Quer o secretário, que ganhou o apelido de Macbeth da Província, proporcionar ideologicamente uma reinvenção do Carnaval baiano através de “lições” ao folião ou aos artistas locais de uma forma grotescamente inorgânica? Ou projeta simplesmente “universalizar” com a festa seu gostinho particular com dinheiro coletivo?

O artigo segue no mesmo baixo-nível, ou peior. Não reproduzo o resto aqui em respeito aos meus leitores.

Aqui, algumas explicações. Primeiro, não preciso dizer que não acho Marcio incompetente em cousa alguma (até mesmo na política museológica, que critico por outros motivos, pelo rumo que tomou, mas rumo esse que não é em si incompetente).

Não precisa “vir a público” explicar porque optou por incentivar um carnaval sem cordas, com ritmos musicais diversos, e que em sua maioria remontam às origens do carnaval (as guitarras bahianas do Retrofoguetes, o samba-de-roda de Mariene de Castro, o samba partido alto de Nelson Rufino, e os primórdios do axé-music com SaraJane, Tonho Matéria, Bandas Furtacor e Reflexus). Porque esta é uma demanda antiga de toda uma geração que cresceu sob a “mesmice” (no dizer de Antonio Risério) do axezismo, que não permitia que nada mais surgisse.

Demanda não apenas da classe média a que pertenço, mas de boa parte dos que foram adolescentes juntos comigo, e oriundos de classe mais pobre, queriam algo além do “pagodão” então reinante.

Mais ainda, tudo isso foi dito e discutido publicamente, na discussão pública sobre o carnaval ocorrida em Salvador no Teatro Vila Velha em outubro de 2007 (e também em Recife e Rio de Janeiro – ou seja: nos três maiores carnavais do planeta).

O Política Livre que ora reclama da diversidade, era o mesmo que reclamava da mediocridade tirânica do axezismo. Ou seja: eles gostam mesmo é de reclamar. Se melhorar, fica ruim.

Isso também tem a ver com aproximar-se do modelo bem-sucedido de carnaval público e descentralizado de Recife. Minha geração, a que mais sofreu com o carlo-axezismo (inclusive apanhando da PM dentro do Campus de Direito da UFBA, em 2001), sempre reclamou uma maior proximidade com Recife. Está sendo feito. Ano passado, por exemplo, no Passarela Da Alegria – Pernambuco Bahia (um dos eventos do Espicha Verão), a Orquestra Popular da Bomba do Hemetério, de lá, veio tocar aqui, de graça.

Daí a presença de Otto, que sempre tocou no palco do Rec-Beat (hoje no Cais da Alfândega, antes na Rua da Moeda, Recife Antigo). Arto Lindsay sempre produziu trio próprio por aqui.
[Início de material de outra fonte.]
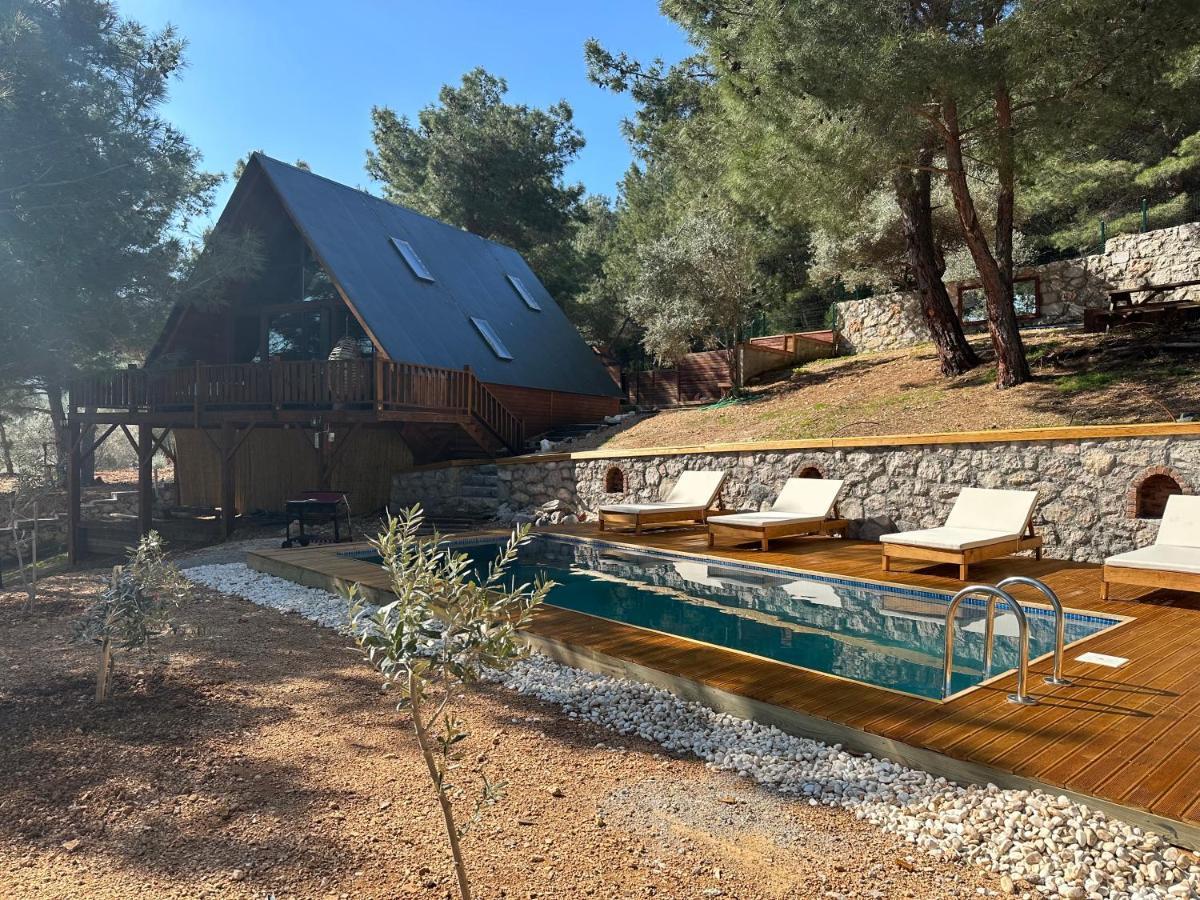 Panurlawoodenhouse Oezel Havuz& Sauna Mavi Esterno foto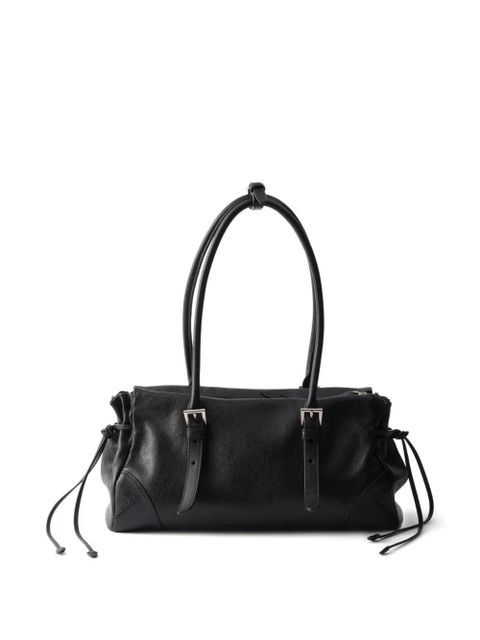 Prada medium leather triangle-logo tote bag - Black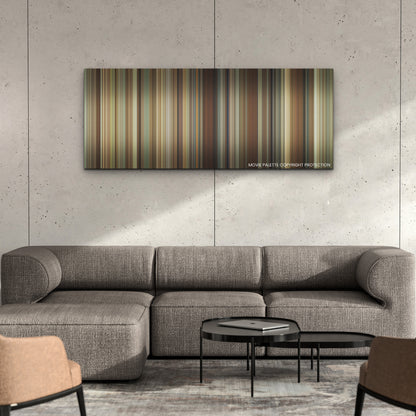 Are You There God? It's Me, Margaret. color palette canvas on a concrete wall above a gray sectional sofa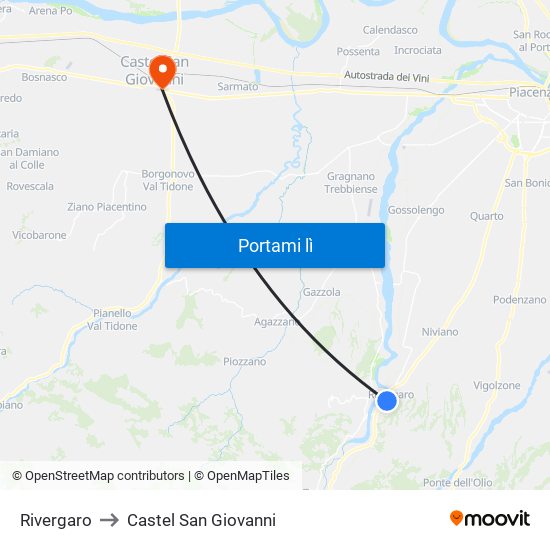 Rivergaro to Castel San Giovanni map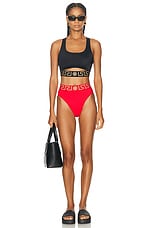 VERSACE Bikini Bottom in Rosso, view 4, click to view large image.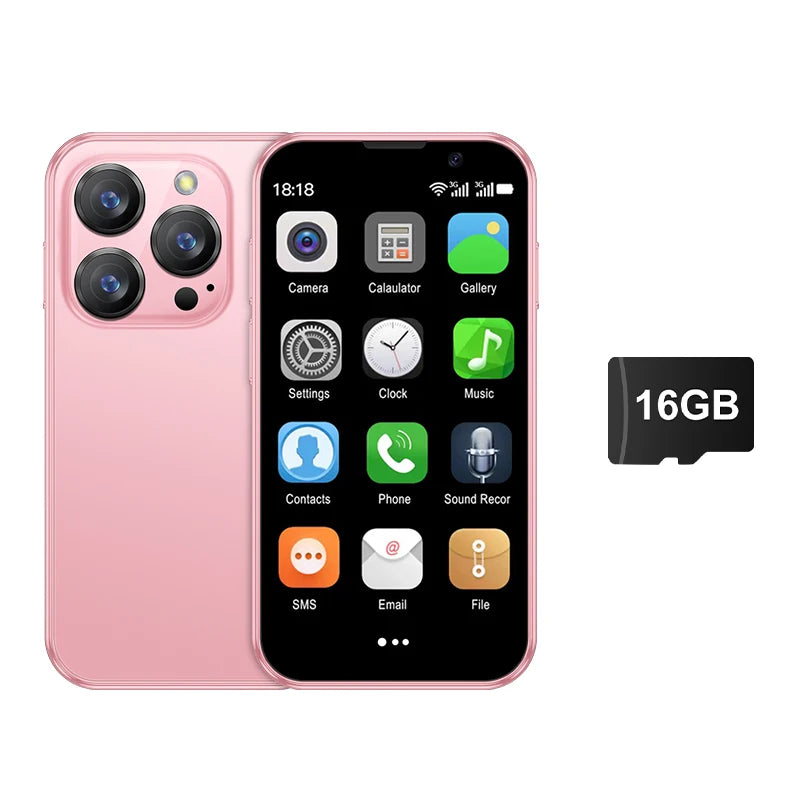 16SE Mini Smartphone 16GB ROM Android 9.0 Wifi Dual SIM Standby Play Store 3G WCDMA 3.0"Little Smart Cellphone New Version
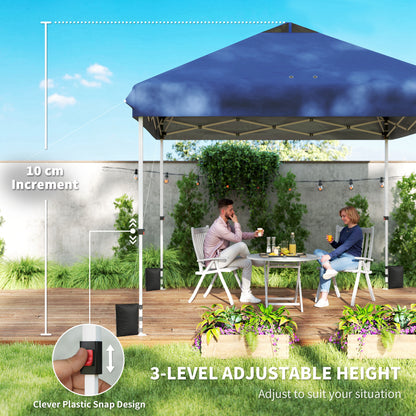 3x3m Pop-Up Gazebo with Flip-Down Wheels & One-Push Central Lock | UPF50+ 210D Oxford Fabric | Top Mesh Vent | 3-Height Adjustment | 4 Sandbags, 4 Guy Ropes & 12 Stakes | Carry Bag | 300x300x273cm | Dark Blue & White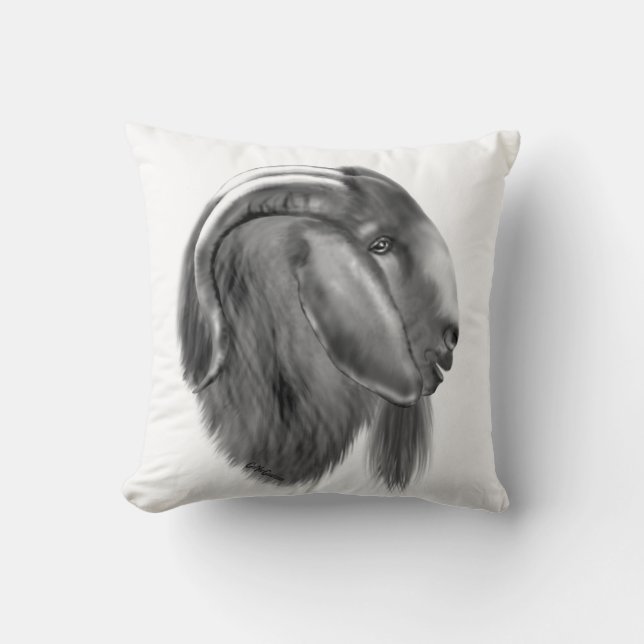 Boer Goat Sketch Herdenname Ziege Kissen (Vorderseite)
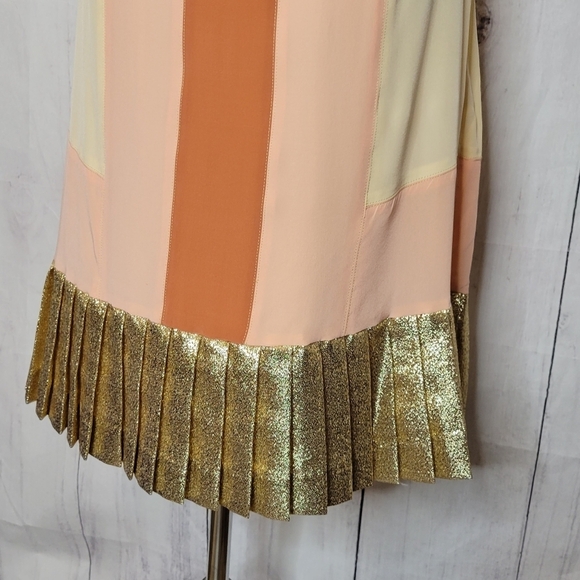 2b Rych Colorblock Halter Dress Gold Pleated Hem Sparkle Sz S - Picture 5 of 12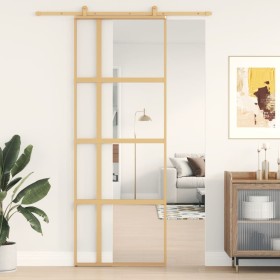 Goldene Schiebetür aus transparentem ESG-Glas und Aluminium von , Türen für zu Hause - Ref: Foro24-155190, Preis: 149,99 €, R...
A concorrência para os trios da SECULT foi ampla e transparente. Gente muito boa, como o pessoal de O Círculo, se inscreveu e não foi selecionado. E não por falta de qualidade ou por “Não estar ao gosto de Marcio” (que aliás, já deixou claro que simpatiza e muito com o trabalho de Pedro Pondé, a quem a SECULT patrocina no Bahia de Todos os Sons).

De resto, esses escrevinhantes do Política Livre parece que não pisaram na rua, e não pulam pipoca: TODOS os trios da Secretaria de Cultura arrastaram multidões. Em parte, gente que não ia ao carnaval porque não suportava o gosto monocordio e imposto pelo capital (embora o carnaval de Salvador nunca tenha sido só do axé-music, a prova disso inclusive sou eu que sempre pulei fora da corda e nunca gostei de axé). Mas boa parte do povão carnavalesco de sempre, que parecia adorar conhecer novos ritmos possíveis no carnaval.
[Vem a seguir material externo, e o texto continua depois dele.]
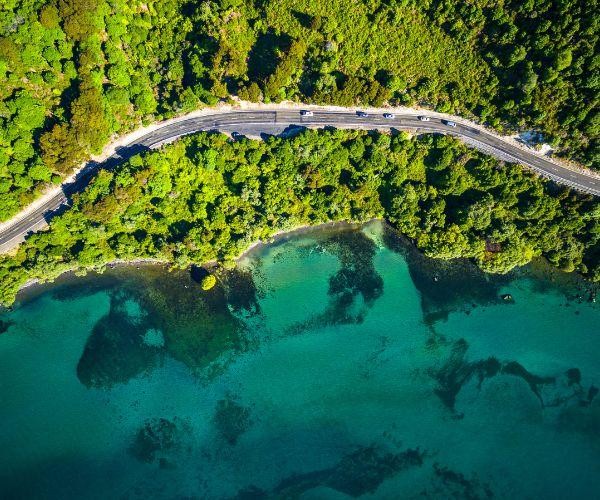 nz north aerial view lake taupo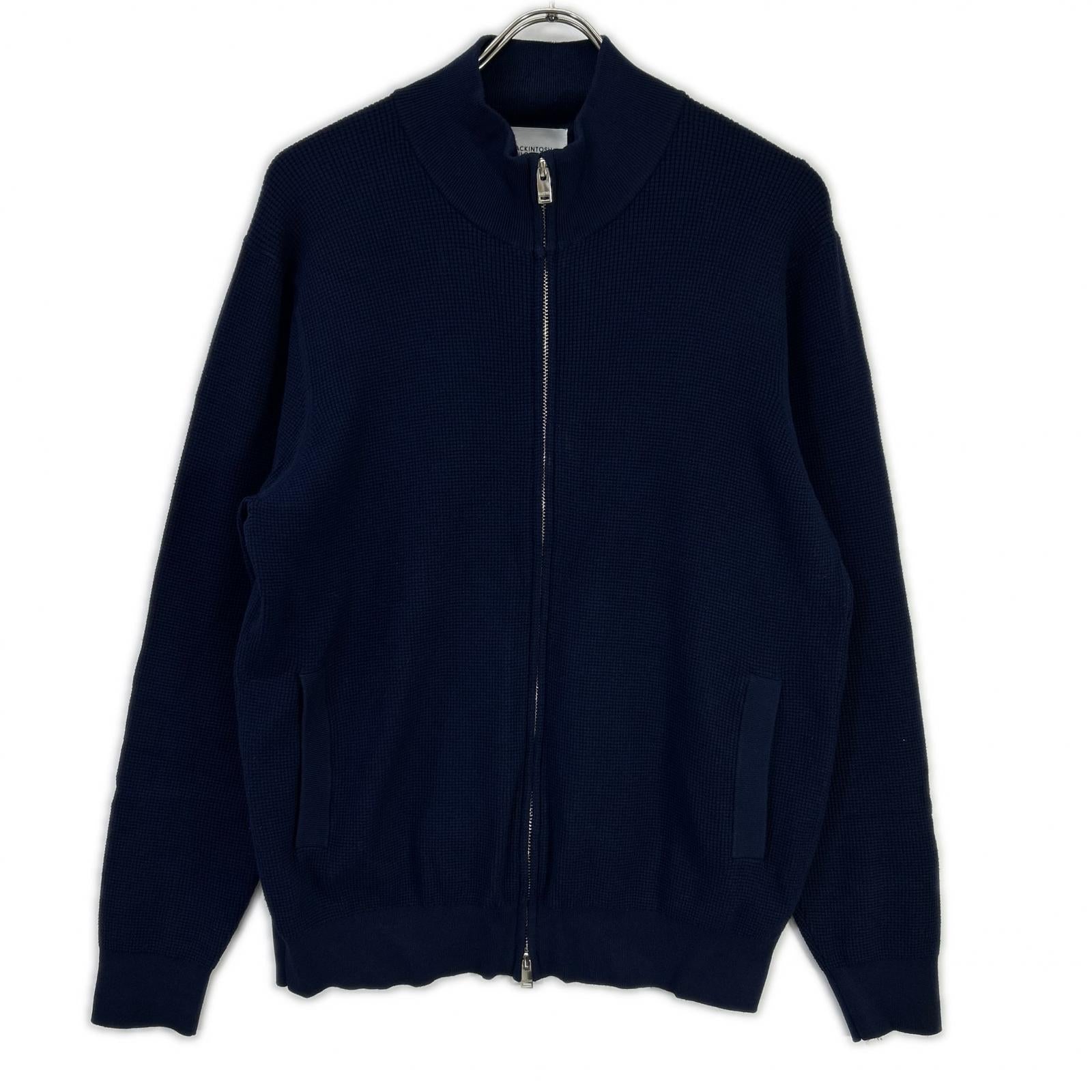 MACKINTOSH PHILOSOPHY マッキントッシュフィロソフィー H1N37-457-29 ネイビー ミニワッフル スタンドジップアップニット トップス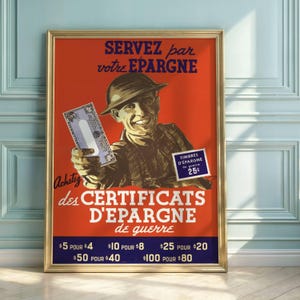 Vintage WWI Propaganda Poster | French War Savings Certificate Art | Red & Blue Soldier Illustration | Historical Decor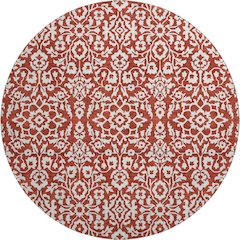 Premium Machine Washable Mayfield AMF920 Red 8' x 8' Round Rug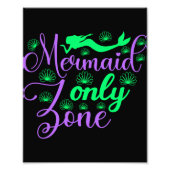 Mermaid Only Zone in Neon Green en Paars Foto Afdruk (Voorkant)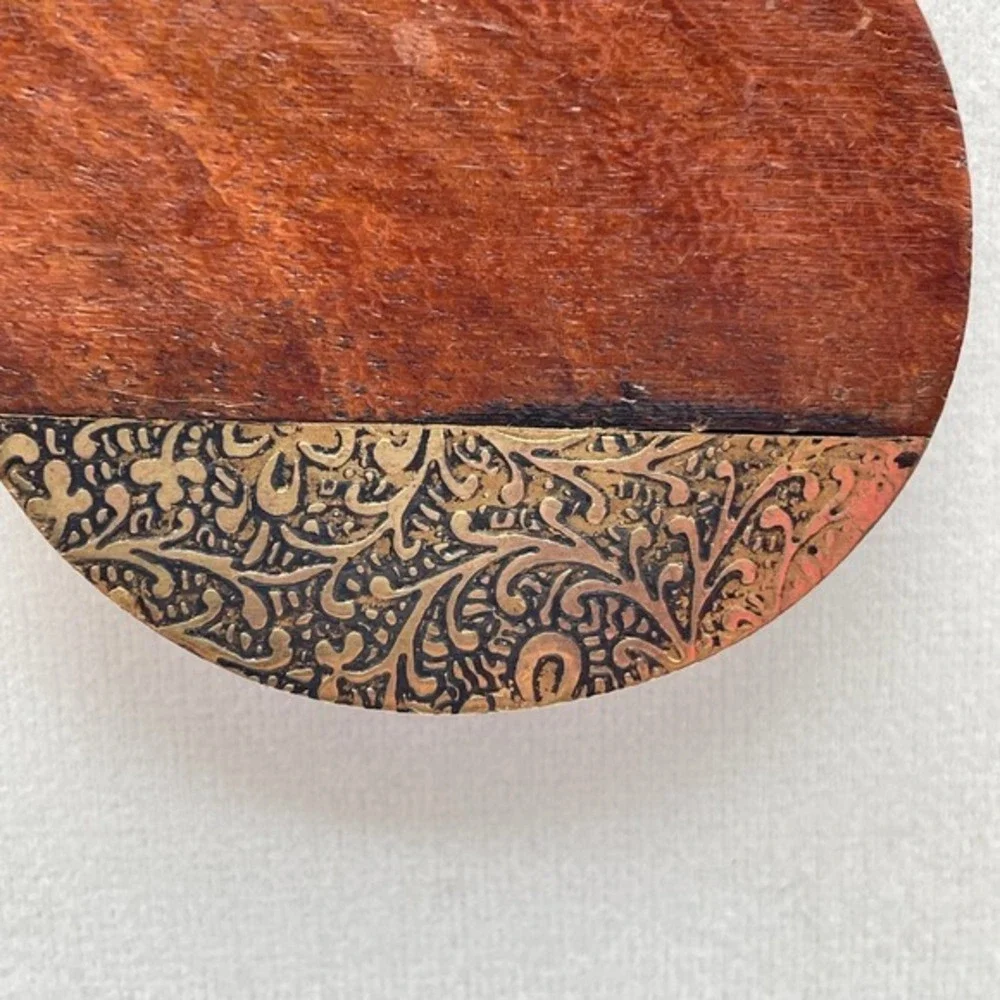 Vintage Brown Wood Round Pendant Necklace Boho Statement‎ Chain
Sim, o Secretário quer dar “lições” de como se faz um carnaval diferente – lições não ao povo, mas ao empresariado feudal de Salvador. Estas “lições” fazem parte de um projeto mais amplos de acentuar o diálogo entre os três grandes carnavais do país. Projeto esse que é comum aos governadores da Bahia, Pernambuco e Rio de Janeiro.
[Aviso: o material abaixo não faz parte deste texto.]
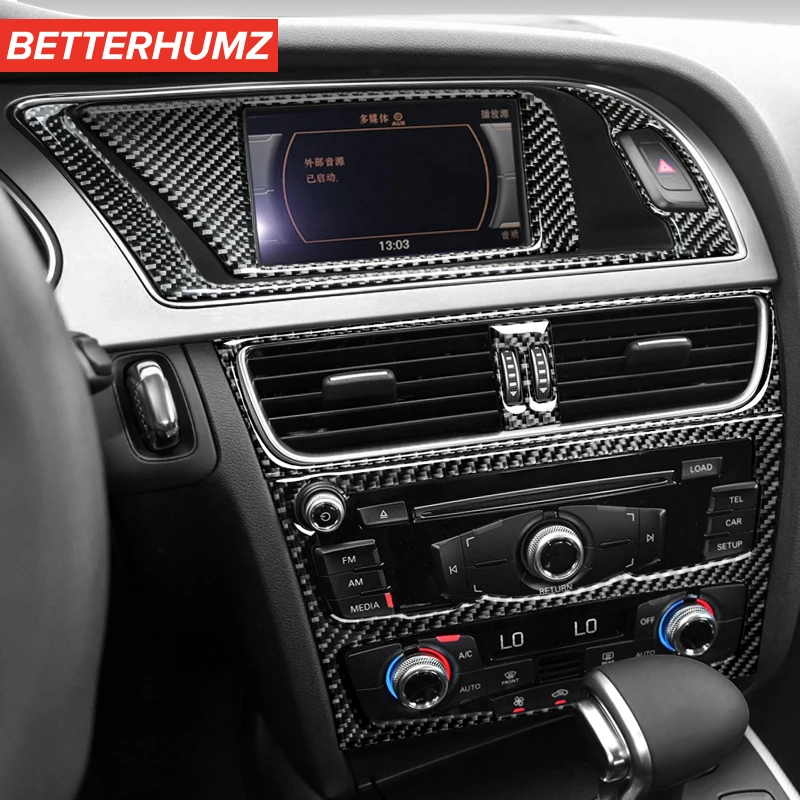 Для Audi A4 A5 S5 углеродное волокно центральной консоли CD панель наклейка покрытие на автомобиль крышка для воздуховода отделка навигации украшение интерьера автомобиля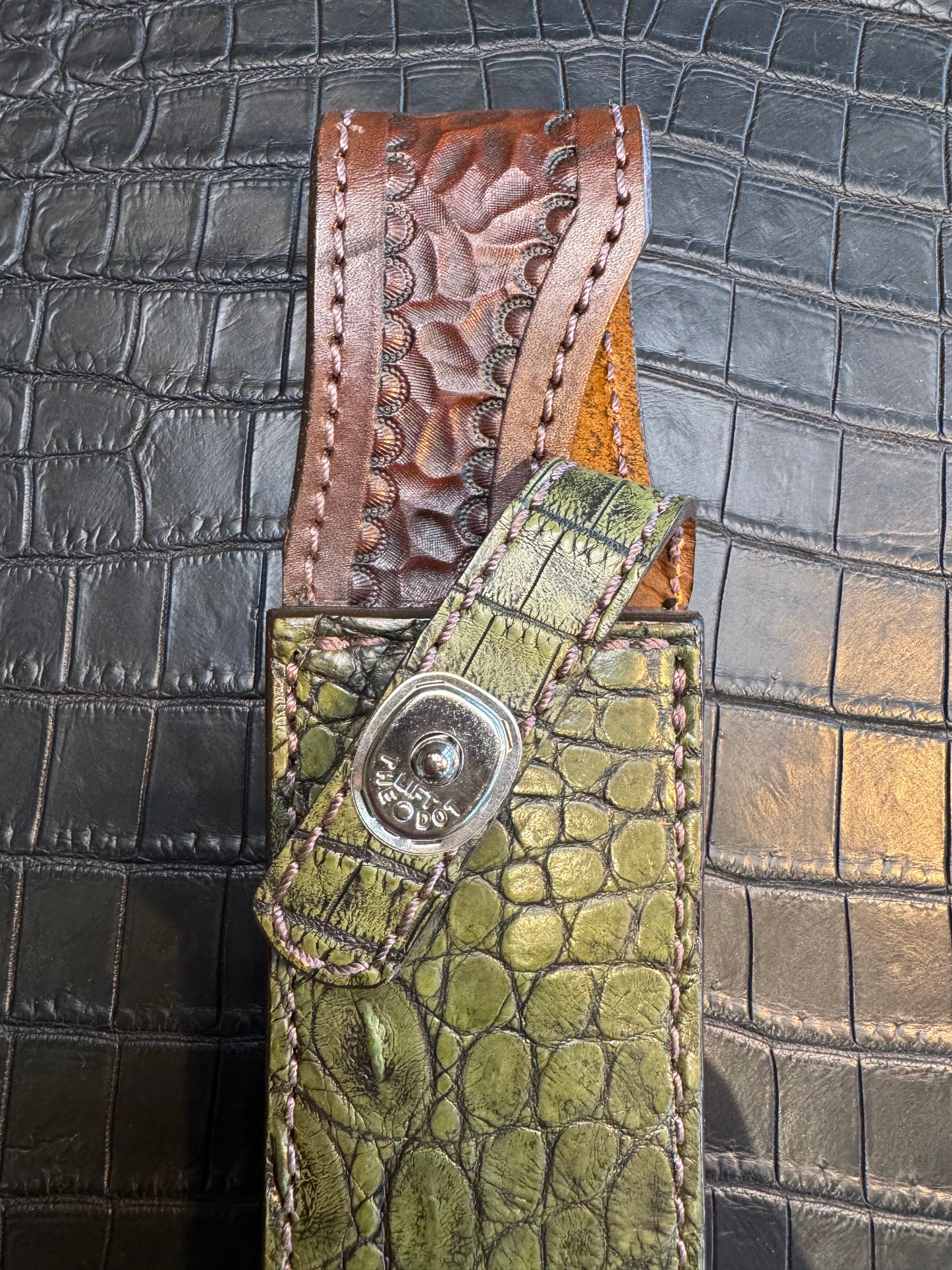 Randall Model 1-8 in Army Green Crocodile. Straight hilt, Canteen Snap, full brass stamping and stitching.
Donde se conclui que o Política Livre nada entende de carnaval. Nem de cultura.

E que Marcio Meirelles foi mais bem sucedido do que se supunha nessa investida contra o monopólio: a quantidade de adjetivos pejorativos, aliado a falta de argumentos, do Política Livre deixa claro que é puro ressentimento, ou dor no bolso, dessa galerinha de Joaquim Nery (que é dono de colégio e de bloco de axé ao mesmo tempo – um oxímoro!) e do Tribuna da Bahia.

Na prática, recomendo: des-assine o Política Livre! Eles têm horror a democracia! E prestam um des-serviço: des-informam o leitor. É um des-blog de des-jornalismo! E me dói dizer isso, porque já o usei como fonte de informação até mesmo aqui. Des-assine: eu já des-assinei ontem.